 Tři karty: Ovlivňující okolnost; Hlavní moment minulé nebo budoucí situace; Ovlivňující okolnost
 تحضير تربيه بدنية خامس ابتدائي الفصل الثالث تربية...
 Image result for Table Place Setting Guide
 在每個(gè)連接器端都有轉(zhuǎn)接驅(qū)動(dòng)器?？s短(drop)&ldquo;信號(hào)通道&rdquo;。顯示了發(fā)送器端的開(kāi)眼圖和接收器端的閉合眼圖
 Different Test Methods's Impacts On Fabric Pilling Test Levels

* * *

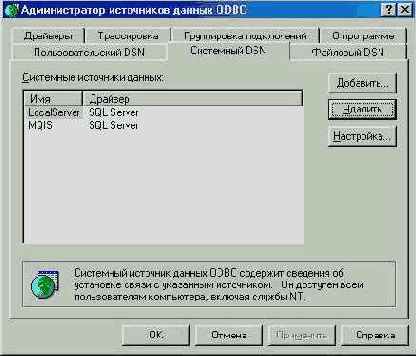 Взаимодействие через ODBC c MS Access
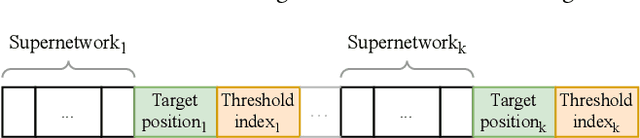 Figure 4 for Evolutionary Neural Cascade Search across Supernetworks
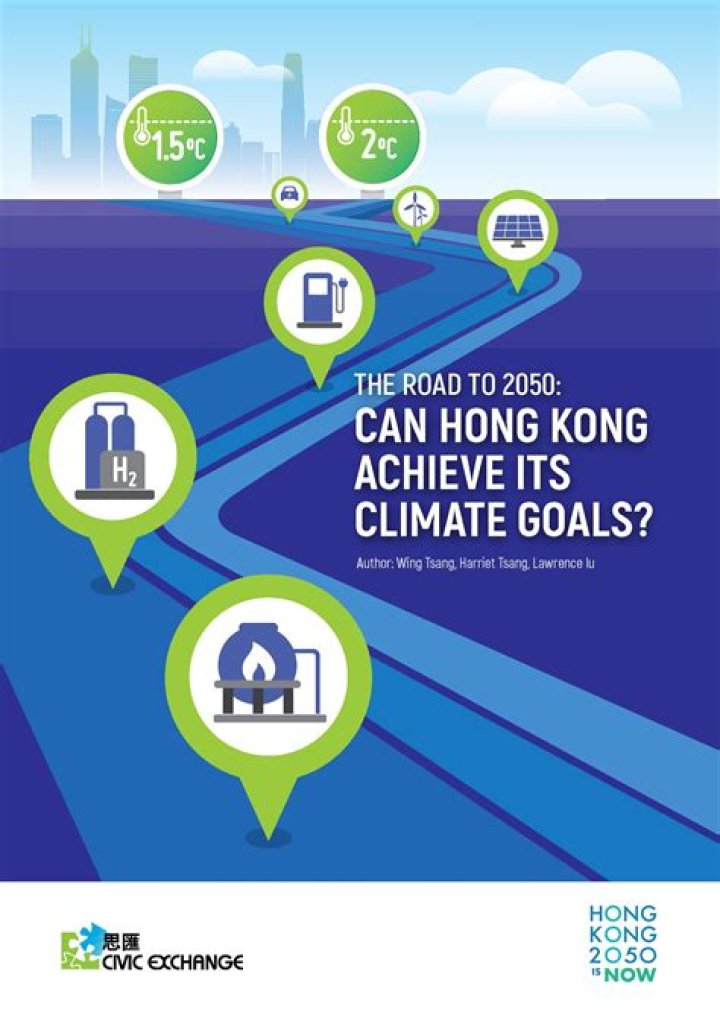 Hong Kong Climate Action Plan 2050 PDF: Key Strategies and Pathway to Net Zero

==

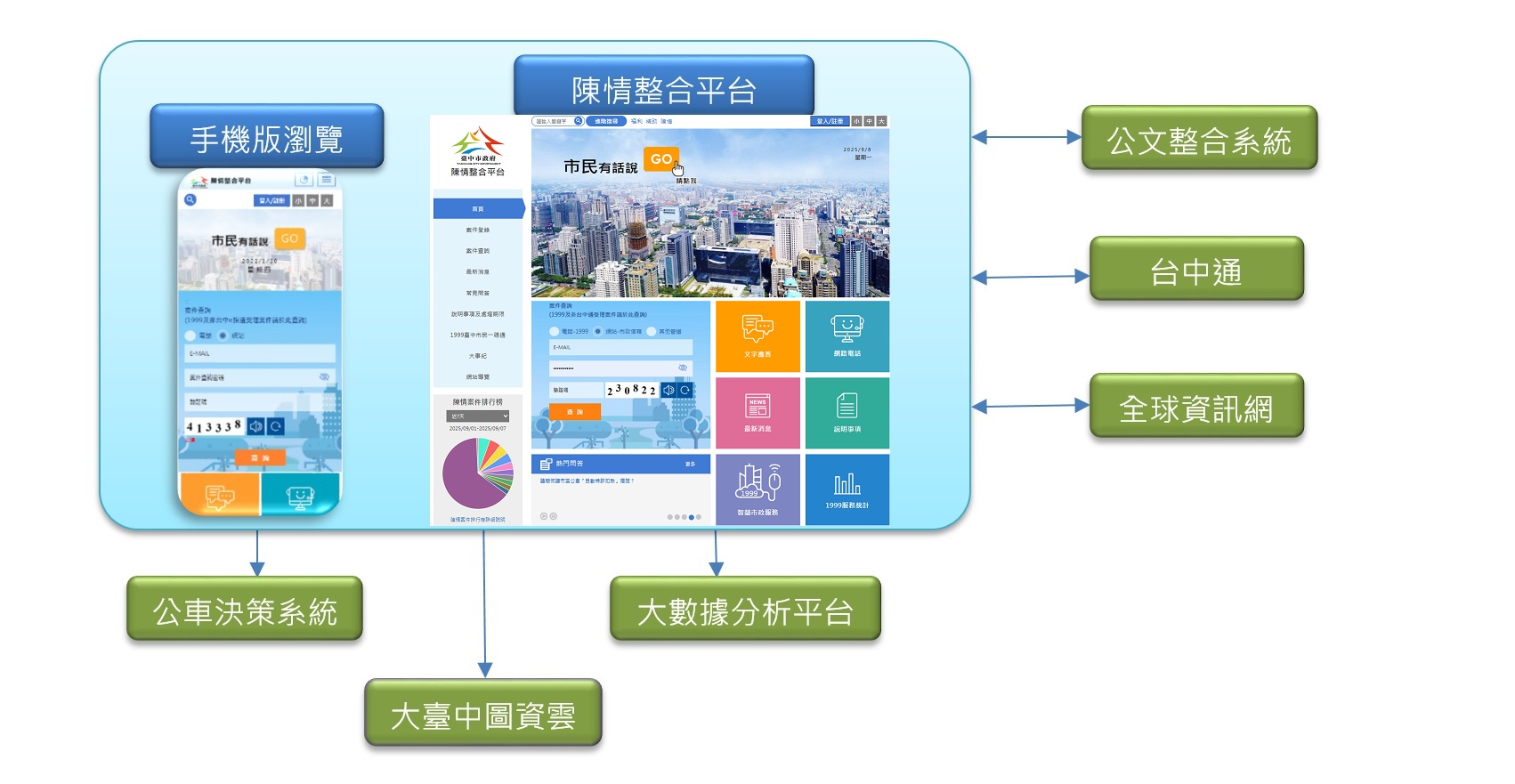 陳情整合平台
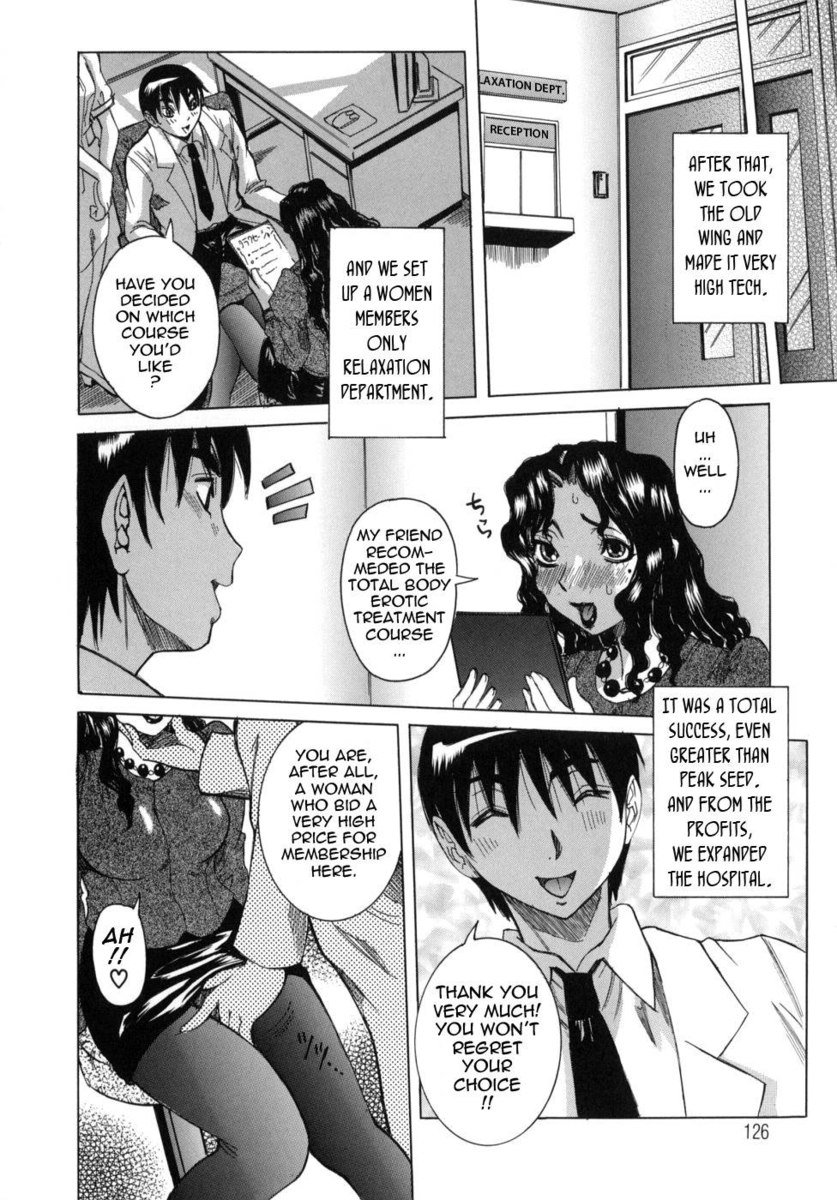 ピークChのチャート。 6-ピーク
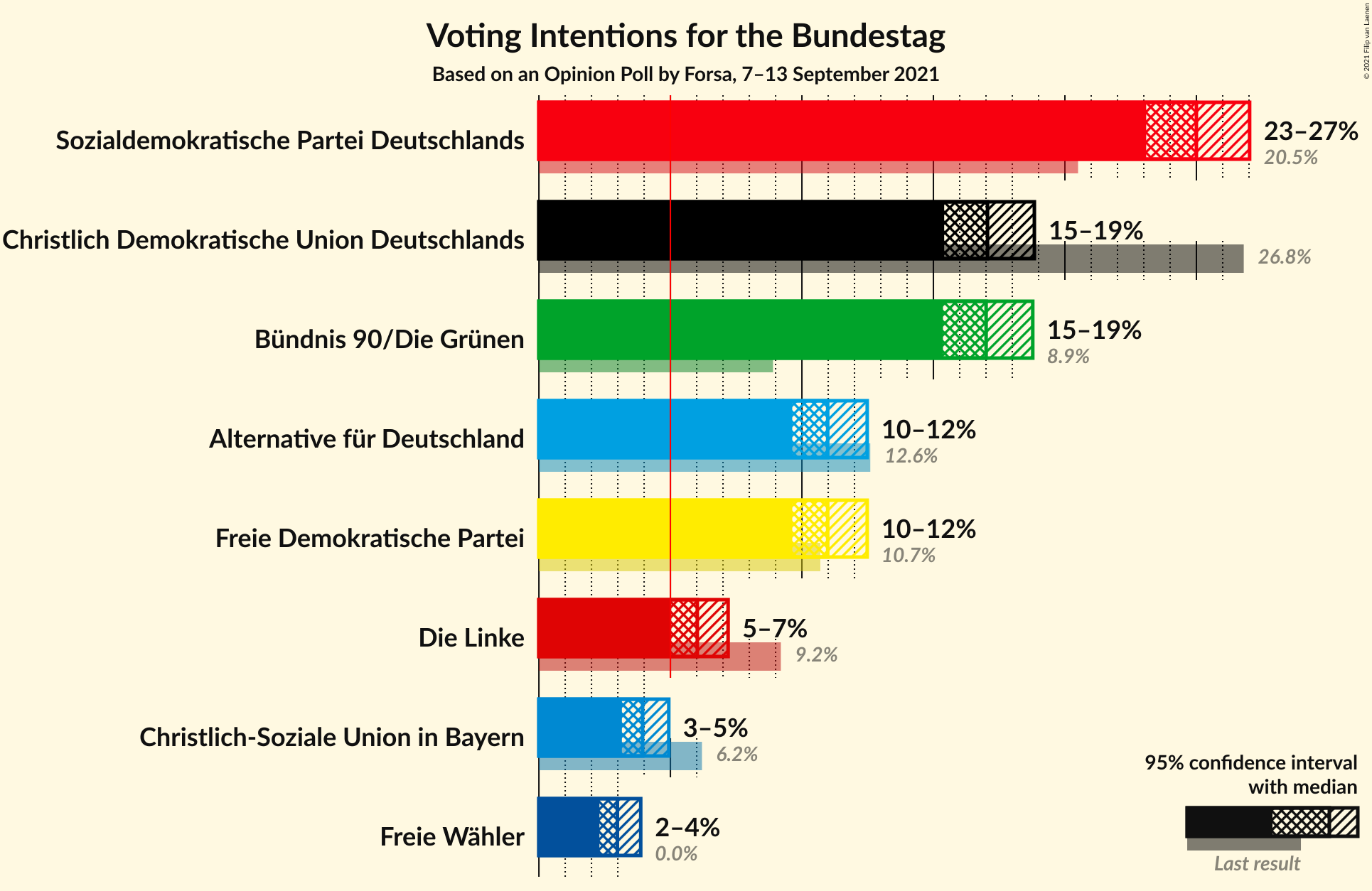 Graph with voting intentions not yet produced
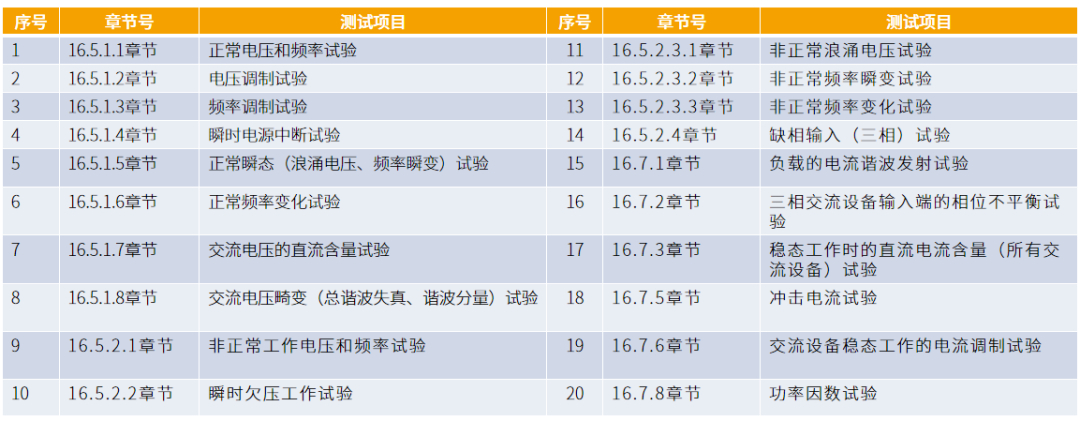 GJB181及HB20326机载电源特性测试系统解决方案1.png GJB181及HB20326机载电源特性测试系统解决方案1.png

▸ BRIEF:
I'd like the lines above repeated exactly, from the one that contains "Figure 4 for" through the one that contains "Hong Kong Climate", with no pictures.

▸ TASK SOLUTION:
 Figure 4 for Evolutionary Neural Cascade Search across Supernetworks
 Hong Kong Climate Action Plan 2050 PDF: Key Strategies and Pathway to Net Zero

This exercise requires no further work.